My first run of Honour Mode has actually already reached it's conclusion, I'm on my second. Do you want to know how the first one went? So I started off strong, with thirty minutes in the character creator like a proper degenerate, and from there I treated it pretty much casually. I dibbed my hand in the brine pool at the beginning, knowing it would blow up, I marvelled at the fact that they made the tutorial section healing pods one time use- I forgot tactician mode did that. And I even rocked up to the fight against Commander Zhalk with a brand new tactic up my sleeve! Instead of save scumming until my Mindflayer bro could knock him silly (because obviously that's not an option) I spotted some great advice online I put into play. Turns out Shadowheart starts the game with Command in her spell book, but not prepared. And because in BG3 you can prepare spells without having to rest, that meant I could roll the 55% chance to make Zhalk drop his lovely burning greatsword into my waiting arms. Bliss!

And that's when it all went wrong. See, I landed on the beach and never entered the mind set of 'play it safe'. In fact, I immediately wanted to try out a cool special cutscene which I was told only happened if you go to camp as Dirge before recruiting anyone else. Turns out just visiting camp wasn't enough, you also have to stay the night- and I didn't want the time to pass because I still had to go back to wake up Shadowhea- oh, she wasn't there when I returned to the beach. Right, I heard that she goes to the locked ruin door if you leave it too long, I just didn't think merely 'visiting' the camp was enough to trigger that. Oh well, I thought- might as well drop back to the camp to pick up my deluxe edition items. Whoops again, because when I returned I found the door in front of the ruins similarly abandoned. This one I had to look up. Turns out that with two 'rests', (as the game believes they were) old Shade-Organs has moved to the Grotto. Yes, the Grotto almost an hour of gameplay away. Which meant I had to take on the first Intellect Devourer fight by myself. And because I never met Shadowybae- I was still Level 1. As a Sorcerer with 8 health.

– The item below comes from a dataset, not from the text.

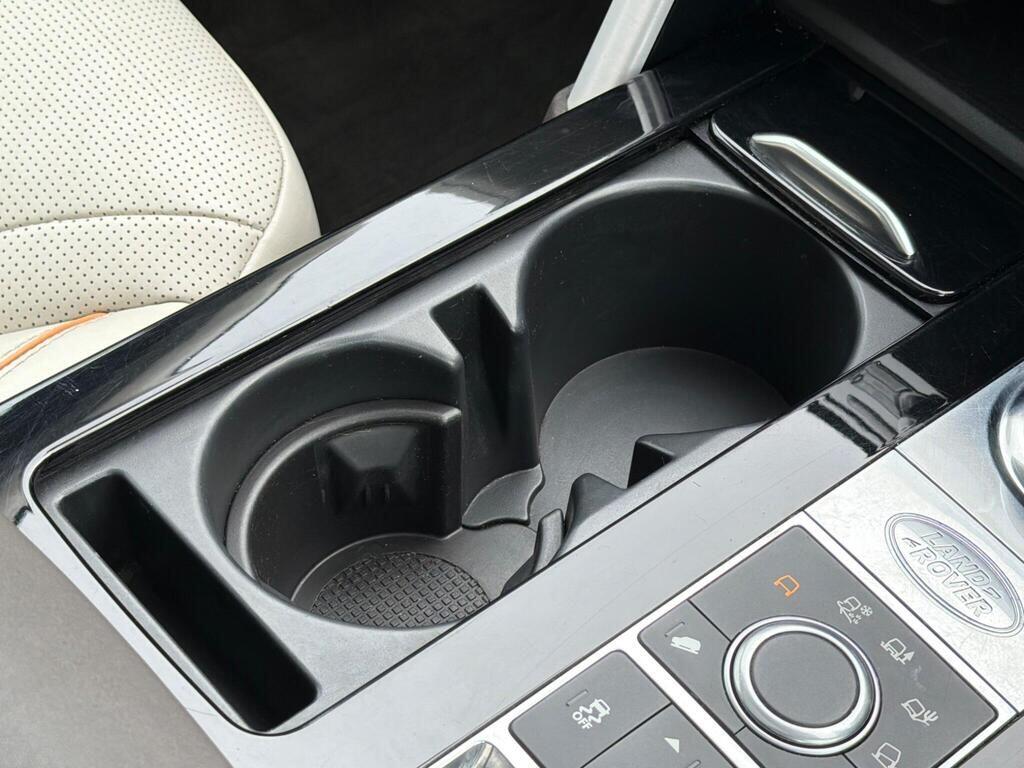 Land Rover Discovery view 46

So yeah, that run ended there. But you know what? I started my next run the very next day. Because Baldur's Gate 3 is just one of those games that like any good book, you can't put down. Even when it bites at you, slaps at you, kick you in the nuts- and you always show up seconds the next day. Baldur's Gate truly will never be enough. Not for me and not for the dozens of fans out there who want it to literally take over the lives and become their everything. Baldur's Gate 3 is just so darn overwhelming that honestly I get a bit sad everytime I hear Larian talk about their impending triumphant return to- bleargh, 'Divinity'. Urgh, why can't they just stay in much more interesting universes, like the ones they didn't make? At least Larian aren't deciding they've reached their zenith with the industries craziest gamble. Still, I hope they feed our ravenous DnD maws a little more before going back to slumming it.